▸ What this task involves: Images do not belong in the copy; retype the rest of the entries below exactly.

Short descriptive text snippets
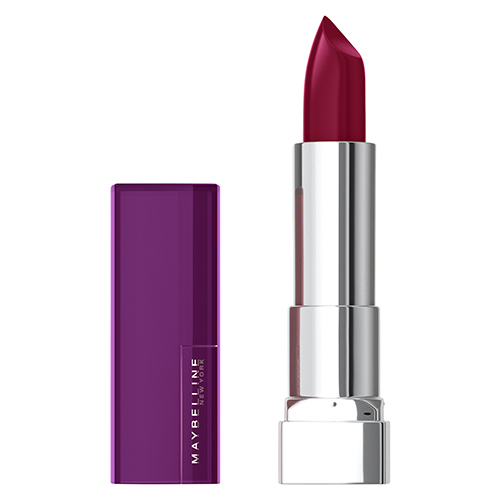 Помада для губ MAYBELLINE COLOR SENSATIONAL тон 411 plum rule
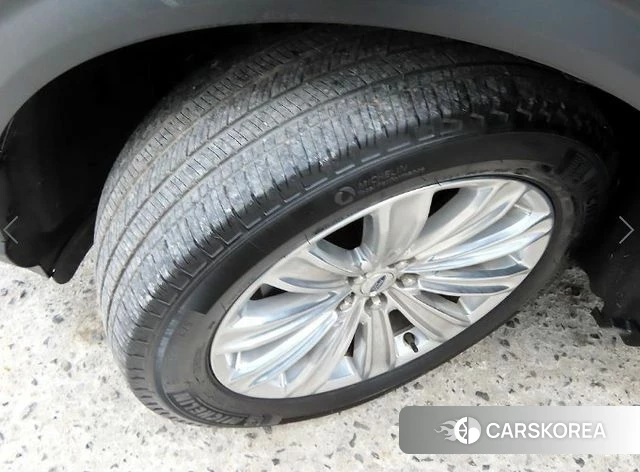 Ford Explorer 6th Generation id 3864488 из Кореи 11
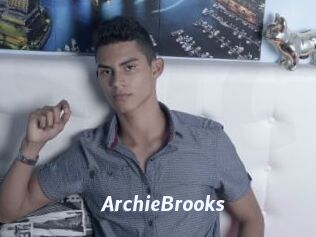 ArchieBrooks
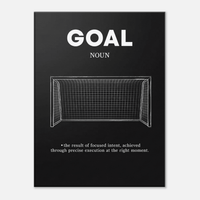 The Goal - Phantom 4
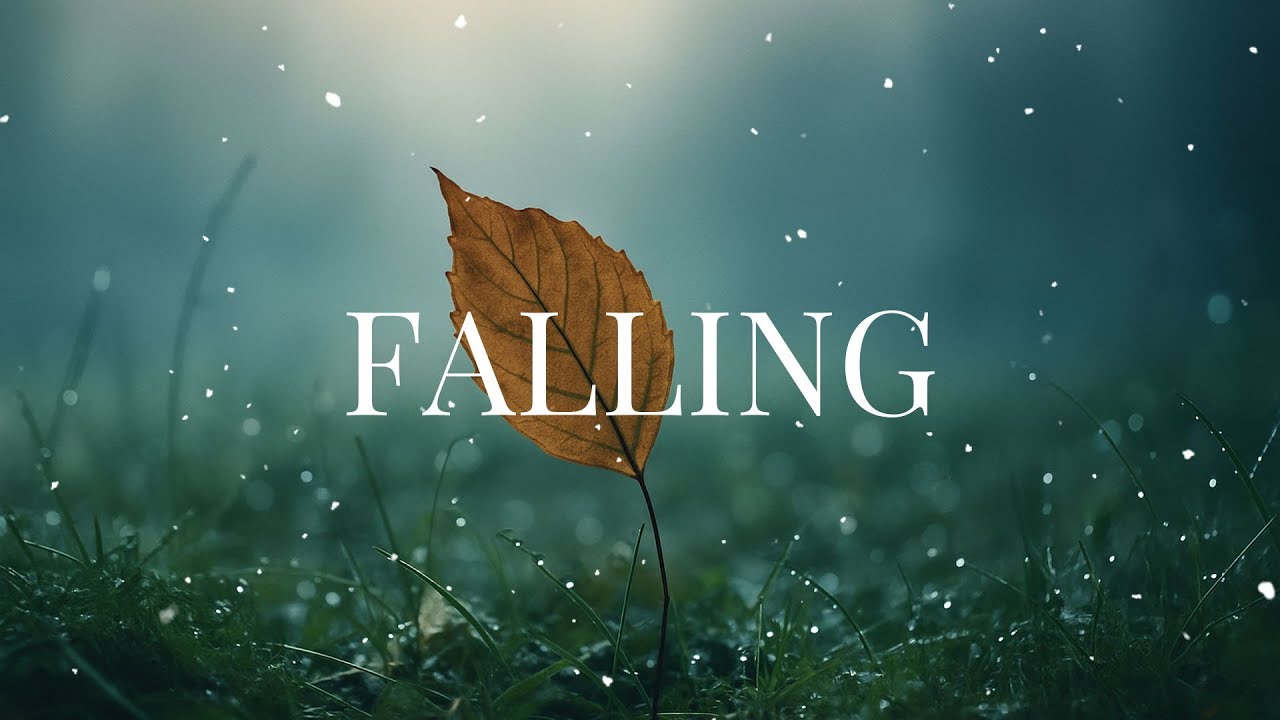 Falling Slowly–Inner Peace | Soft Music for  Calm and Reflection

▸ Answer box:
 Помада для губ MAYBELLINE COLOR SENSATIONAL тон 411 plum rule
 Ford Explorer 6th Generation id 3864488 из Кореи 11
 ArchieBrooks
 The Goal - Phantom 4
 Falling Slowly–Inner Peace | Soft Music for  Calm and Reflection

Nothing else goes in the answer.